Il risultato del referendum sul welfare è un fatto politico importante per varie ragioni. Non solo perché è la prima buona notizia per il governo da parecchio tempo a questa parte. Ma anche per le cose che dice sullo stato dell'opinione pubblica del nostro paese, e su quello della politica che dovrebbe interpretarla e rappresentarla. Nel nostro dibattito pubblico sembra da tempo che non ci sia altro che politica autoreferenziale e antipolitica: l'una sempre più assediata nel suo fortino, mentre l'altra dilaga nelle piazze reali e virtuali, ma sempre più separata da qualunque obiettivo realistico, da qualunque progetto di riforma; anch'essa, in fondo, autoreferenziale.

In questo devastato panorama irrompe il referendum, ricordandoci, con l'alta partecipazione e con la valanga di sì, che il sindacato è forse l'unico grande soggetto collettivo rimasto alla nostra democrazia. Un soggetto che è ancora in grado di agire politicamente e produrre un evento democratico significativo. E se è così, sarà bene che tutti i soggetti politici, in primo luogo il Partito democratico, ne tengano conto. Che posto ha il sindacato nell'idea di politica del Pd? È una domanda che vorremmo fare al gruppo dirigente del nuovo partito.

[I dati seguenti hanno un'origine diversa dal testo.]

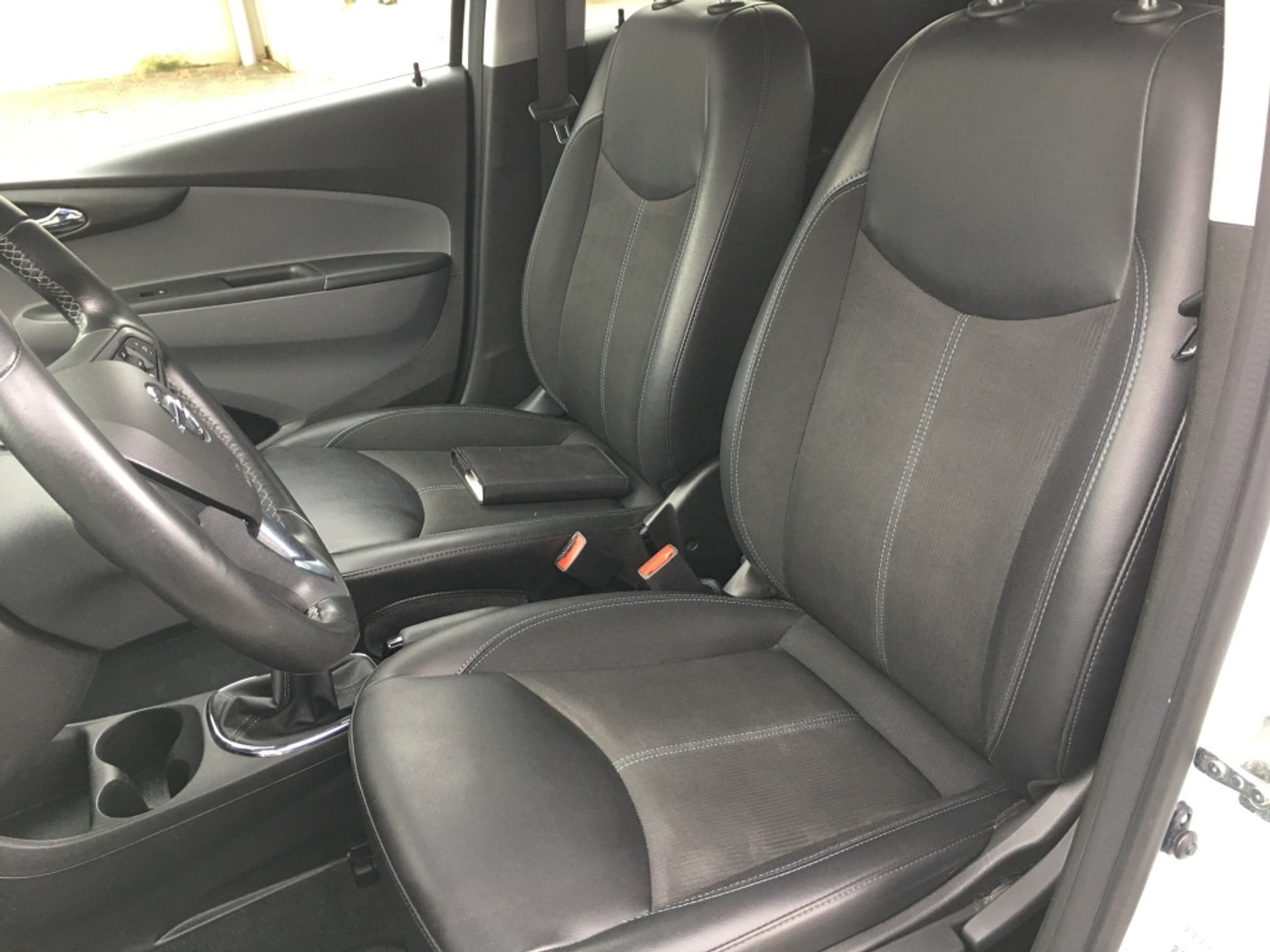 Foto van Opel Karl / Viva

Al momento, la cosa più evidente è che il sindacato esce vincitore dall'anomalo conflitto con la sinistra radicale, che - come già ai tempi del primo governo dell'Ulivo - pretendeva di scavalcarlo rappresentando direttamente i lavoratori. Ora le richieste di modifica dell'accordo raggiunto tra governo e parti sociali appaiono risibili, completamente delegittimate. Eppure quelle richieste verranno presentate al governo; e probabilmente non resteranno senza qualche risposta. Viene qui in luce l'altro insegnamento politico del voto, il paradosso della nostra situazione: gruppi politici le cui posizioni sono palesemente respinte dai votanti, che invece mostrano di accettare quel poco o tanto di proposta riformatrice contenuta nell'accordo, conservano però la loro capacità di ricatto parlamentare e quindi la loro capacità di modificare l'accordo stesso, in barba alla volontà di base che si è espressa in modo inequivoco. Risulta dunque ancora una volta, con evidenza plastica, che il nostro sistema politico è strutturato in modo da produrre un effetto distorsivo della rappresentanza.

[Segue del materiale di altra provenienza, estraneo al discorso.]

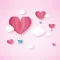 Animated I Heart You Stickers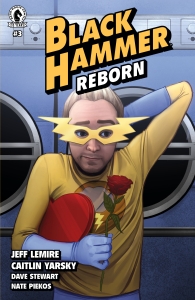 Black Hammer Reborn #3 - DC Comics News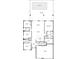 Detailed floorplan showcasing the layout of the home with bedrooms, bathrooms, kitchen, living areas, pool, and garage at 116 Daylily Blvd, Nokomis, FL 34275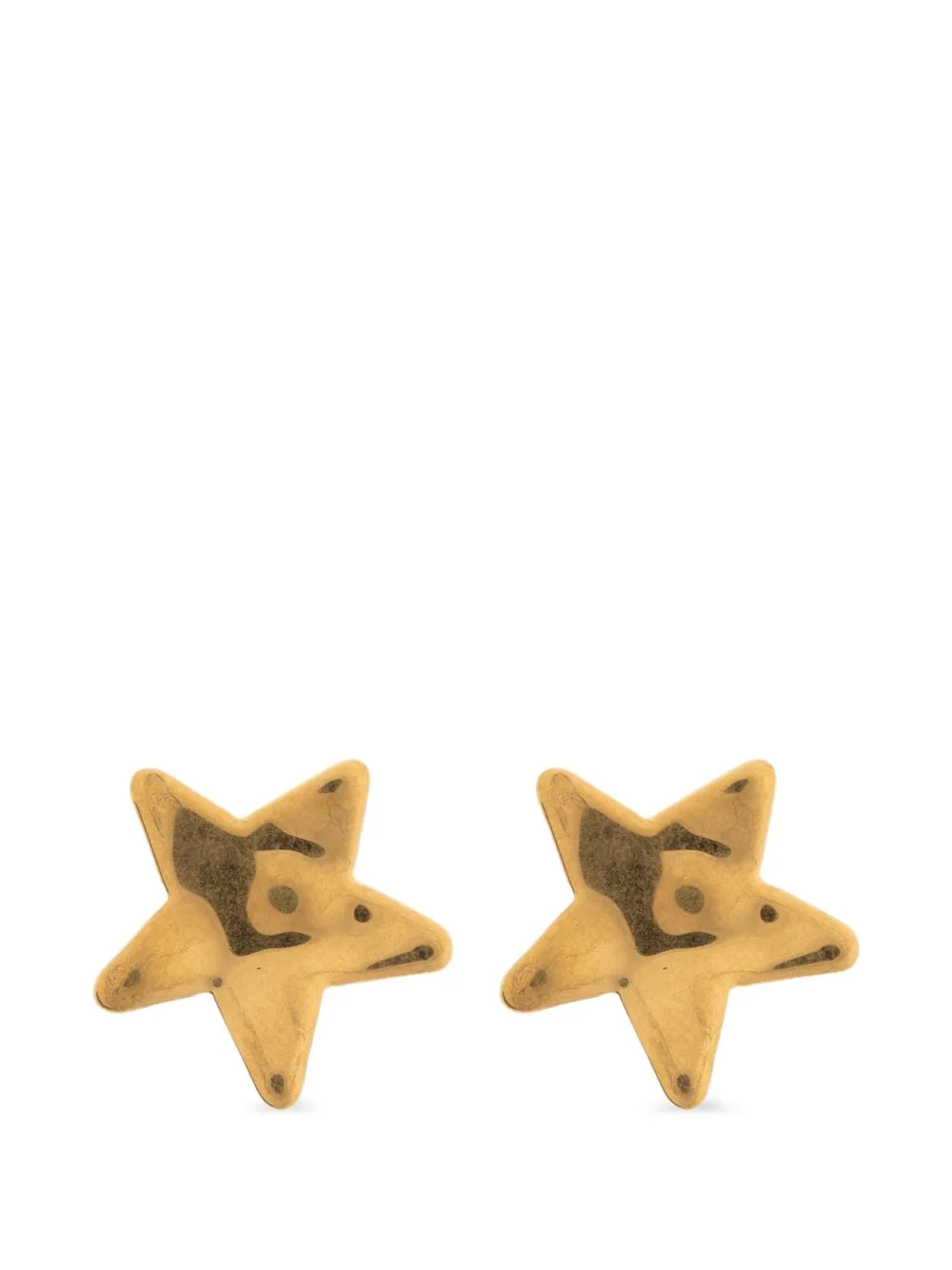 star-shaped earrings - 1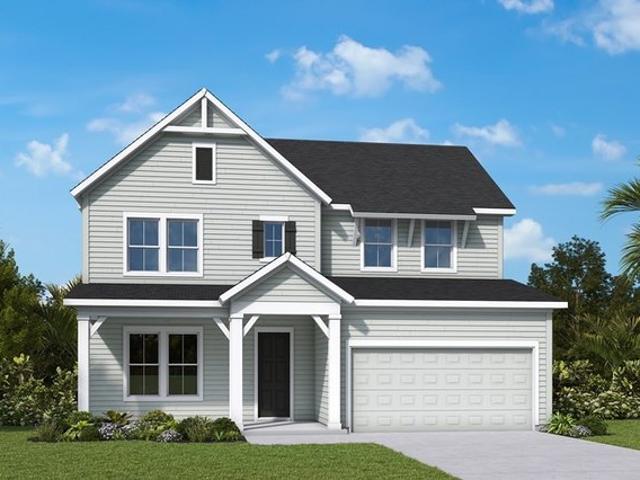 Buckner Plan Mariposa at EverRange Community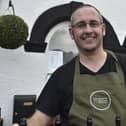 Whittlesey chef Chris Newman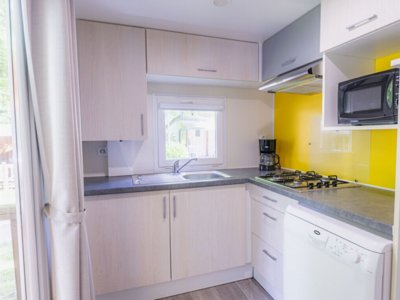 mobil-home -  Val De Coise photo 15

I cittadini, anzi i cittadini lavoratori, una fascia sociale che certamente non è tra quelle meglio piazzate nel momento attuale, dimostrano di comprendere e accettare la necessità di riforma del welfare, e di saper valutare il fatto che questa proposta di riforma è la più favorevole possibile. Riconoscono credibilità ai loro rappresentanti sindacali e al governo con cui è stato stretto l'accordo. Ma in nome di quegli stessi cittadini lavoratori alcune forze politiche della maggioranza minacciano di dissociarsi dal governo e di non votare quest'accordo. L'assurdità della situazione è talmente evidente da lasciare senza parole. Questa assurdità rimanda al problema della riforma elettorale, la cui modifica dovrebbe essere una priorità assoluta per tutti, e in primo luogo per il governo. Ma rimanda anche alla necessità di definire un nuovo assetto delle istituzioni rappresentative e di governo, come diceva ieri Panebianco sul Corriere della sera.

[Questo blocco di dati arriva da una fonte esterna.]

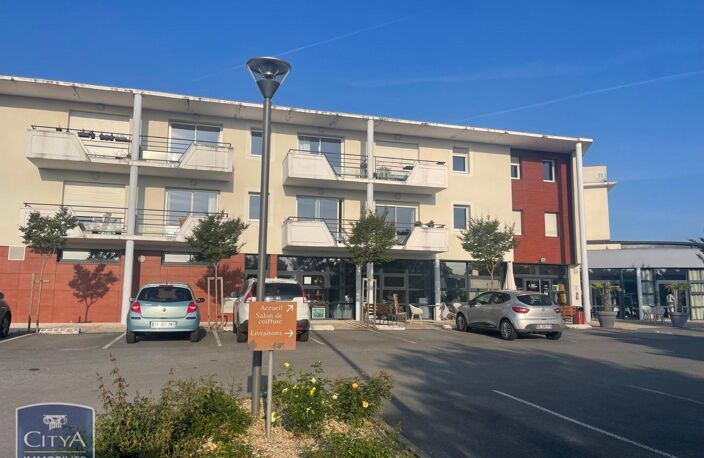 Vente appartement 1 pièce 31 m² Saint-Benoît (86280) — photo 5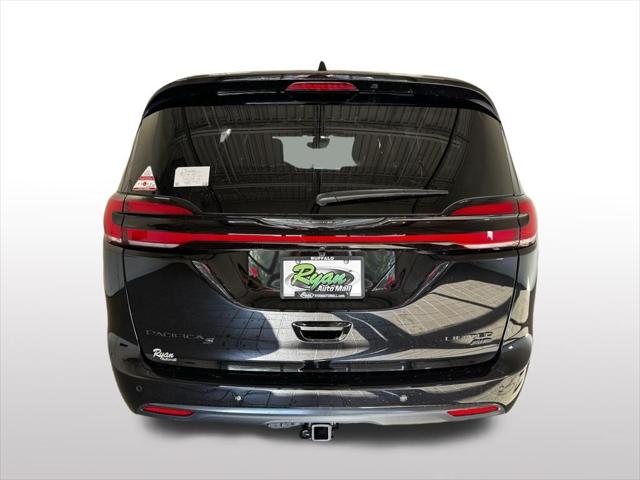 2026 Chrysler Pacifica Limited AWD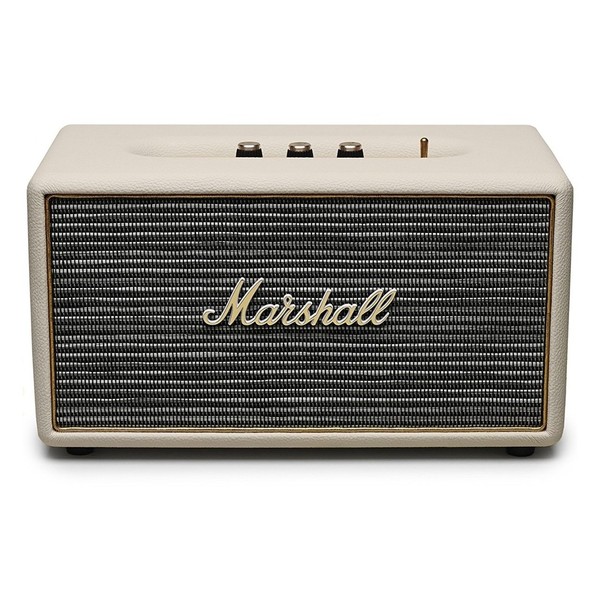 OFFLINE Marshall Stanmore Bluetooth Speaker (Cream) Free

Purtroppo è inutile che disputiamo se si debba incominciare dalla riforma elettorale o da quella costituzionale: non sembra prevedibile che si faccia né l'una né l'altra. In entrambi i casi il problema sta nei soggetti politici. Ma proprio su questo piano - cioè quello della ristrutturazione del sistema politico - sta accadendo qualcosa di significativo. La formazione del Pd è un passo molto importante, che può portare alla nascita di un soggetto politico forte, e potrebbe anche avere un effetto largo sulla configurazione complessiva del sistema. Soggetti politici più forti darebbero alla politica italiana la svolta necessaria per avere un governo in grado di governare e di fare le riforme di cui abbiamo un disperato bisogno. E che, come ha dimostrato il referendum, non è detto siano così invise ai loro reali destinatari.